*** Available data
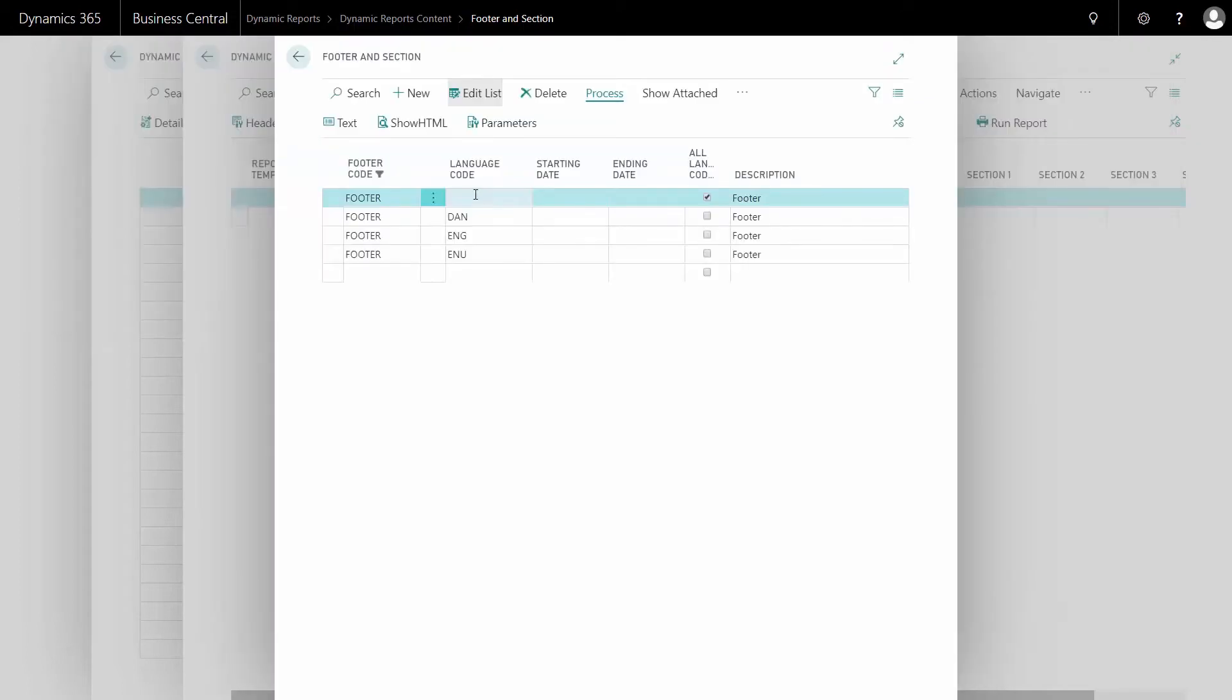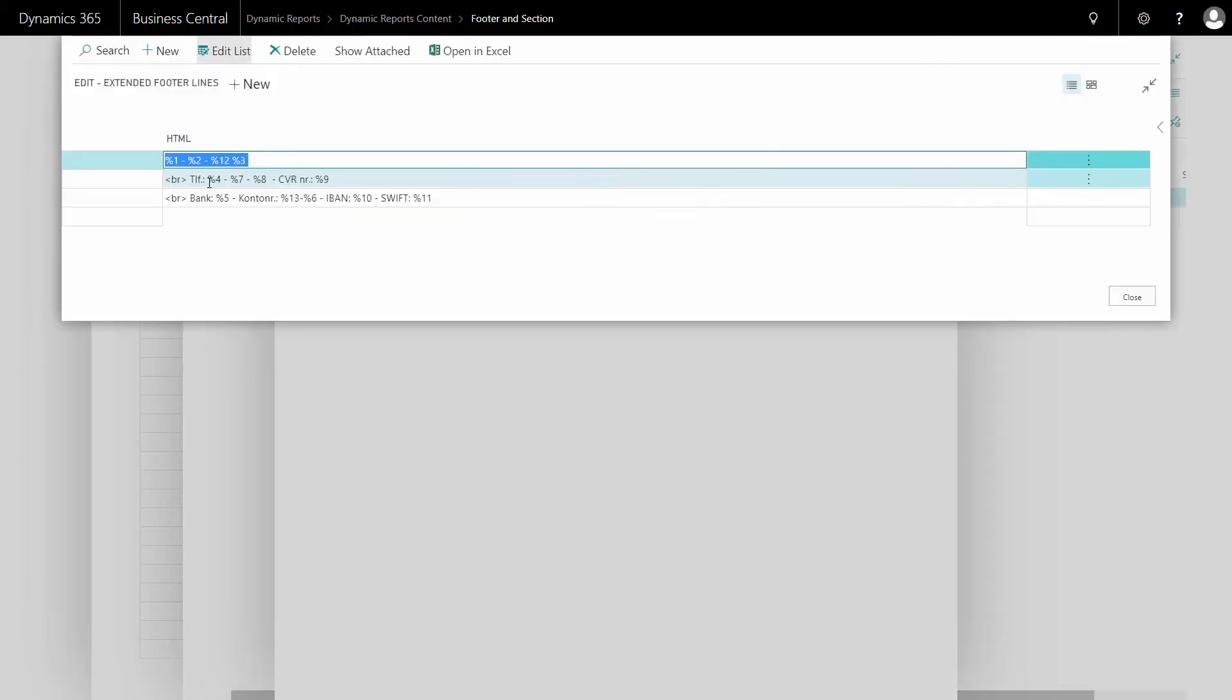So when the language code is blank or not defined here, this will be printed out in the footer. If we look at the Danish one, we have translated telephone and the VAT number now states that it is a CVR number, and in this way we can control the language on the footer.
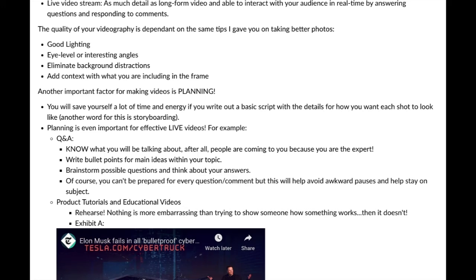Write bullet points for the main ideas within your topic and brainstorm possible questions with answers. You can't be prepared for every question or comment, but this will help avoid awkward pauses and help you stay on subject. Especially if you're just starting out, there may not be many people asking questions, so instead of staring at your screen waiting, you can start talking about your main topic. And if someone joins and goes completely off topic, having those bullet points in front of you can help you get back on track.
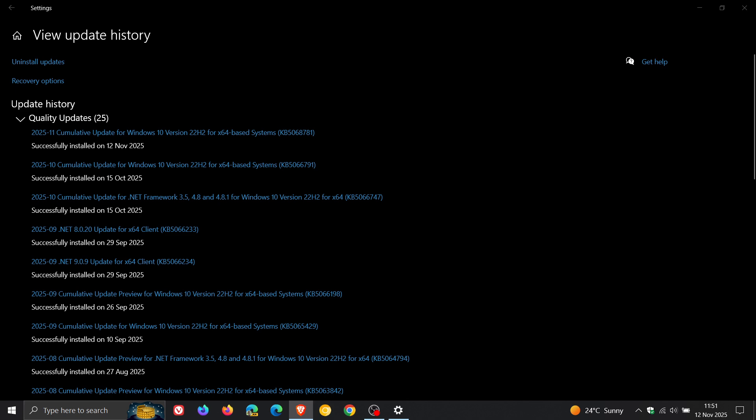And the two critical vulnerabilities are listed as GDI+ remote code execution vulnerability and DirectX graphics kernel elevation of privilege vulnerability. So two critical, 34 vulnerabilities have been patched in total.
******
■ **Required action**
The answer must be the exact lines from the line with "Write bullet points" to the final line of the data, both ends included, with no pictures.

■ **Result of the exercise**
Write bullet points for the main ideas within your topic and brainstorm possible questions with answers. You can't be prepared for every question or comment, but this will help avoid awkward pauses and help you stay on subject. Especially if you're just starting out, there may not be many people asking questions, so instead of staring at your screen waiting, you can start talking about your main topic. And if someone joins and goes completely off topic, having those bullet points in front of you can help you get back on track.
And the two critical vulnerabilities are listed as GDI+ remote code execution vulnerability and DirectX graphics kernel elevation of privilege vulnerability. So two critical, 34 vulnerabilities have been patched in total.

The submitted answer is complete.